From mboxrd@z Thu Jan  1 00:00:00 1970
Return-Path: <linux-kernel-owner+willy=40w.ods.org@vger.kernel.org>
Received: (majordomo@vger.kernel.org) by vger.kernel.org via listexpand
	id S264110AbUDGGwj (ORCPT <rfc822;willy@w.ods.org>);
	Wed, 7 Apr 2004 02:52:39 -0400
Received: (majordomo@vger.kernel.org) by vger.kernel.org id S264106AbUDGGwi
	(ORCPT <rfc822;linux-kernel-outgoing>);
	Wed, 7 Apr 2004 02:52:38 -0400
Received: from mtvcafw.sgi.com ([192.48.171.6]:63358 "EHLO omx3.sgi.com")
	by vger.kernel.org with ESMTP id S264110AbUDGGvs (ORCPT
	<rfc822;linux-kernel@vger.kernel.org>);
	Wed, 7 Apr 2004 02:51:48 -0400
Date: Tue, 6 Apr 2004 23:50:00 -0700
From: Paul Jackson <pj@sgi.com>
To: Denis Vlasenko <vda@port.imtp.ilyichevsk.odessa.ua>
Cc: colpatch@us.ibm.com, wli@holomorphy.com, linux-kernel@vger.kernel.org
Subject: Re: [Patch 17/23] mask v2 = [6/7] nodemask_t_ia64_changes
Message-Id: <20040406235000.6c06af9a.pj@sgi.com>
In-Reply-To: <200404070855.03742.vda@port.imtp.ilyichevsk.odessa.ua>
References: <20040401122802.23521599.pj@sgi.com>
	<20040401131240.00f7d74d.pj@sgi.com>
	<20040406043732.6fb2df9f.pj@sgi.com>
	<200404070855.03742.vda@port.imtp.ilyichevsk.odessa.ua>
Organization: SGI
X-Mailer: Sylpheed version 0.9.8 (GTK+ 1.2.10; i686-pc-linux-gnu)
Mime-Version: 1.0
Content-Type: text/plain; charset=US-ASCII
Content-Transfer-Encoding: 7bit
Sender: linux-kernel-owner@vger.kernel.org
X-Mailing-List: linux-kernel@vger.kernel.org

Denis asked:
> why such a simple thing require 700 bytes of code in the first place? 

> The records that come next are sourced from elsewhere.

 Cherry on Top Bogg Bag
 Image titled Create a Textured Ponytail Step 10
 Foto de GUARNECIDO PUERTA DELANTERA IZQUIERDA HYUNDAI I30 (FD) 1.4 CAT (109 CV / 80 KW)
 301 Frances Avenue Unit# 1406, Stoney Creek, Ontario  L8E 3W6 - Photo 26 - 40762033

Well ... it doesn't "require" 700 bytes of code.  But it is currently
consuming that much in this patch set, each time a for node loop is
invoked.

This is because "for_each_online_node" boils down to two copies of
"find_next_bit" (to get the first bit and then to get the next bit), and
in the file include/asm-ia64/bitops.h, find_next_bit() is the following
hefty chunk of inline code:

/*
 * Find next bit in a bitmap reasonably efficiently..
 */
static inline int
find_next_bit(const void *addr, unsigned long size, unsigned long offset)
{
        unsigned long *p = ((unsigned long *) addr) + (offset >> 6);
        unsigned long result = offset & ~63UL;
        unsigned long tmp;

        if (offset >= size)
                return size;
        size -= result;
        offset &= 63UL;
        if (offset) {
                tmp = *(p++);
                tmp &= ~0UL << offset;
                if (size < 64)
                        goto found_first;
                if (tmp)
                        goto found_middle;
                size -= 64;
                result += 64;
        }
        while (size & ~63UL) {
                if ((tmp = *(p++)))
                        goto found_middle;
                result += 64;
                size -= 64;
        }
        if (!size)
                return result;
        tmp = *p;
  found_first:
        tmp &= ~0UL >> (64-size);
        if (tmp == 0UL)         /* Are any bits set? */
                return result + size; /* Nope. */
  found_middle:
        return result + __ffs(tmp);
}

===

Some things that Matthew might want to try:
 1) Don't inline ia64 find_next_bit
 2) Hunt down and minimize uses find_next_bit (benefits more than just numamask)
 3) Instead of having the loop macro evaluate to:

	for (i = first_node(mask);  i < MAX_NUMNODES;  i = next_node(i, mask))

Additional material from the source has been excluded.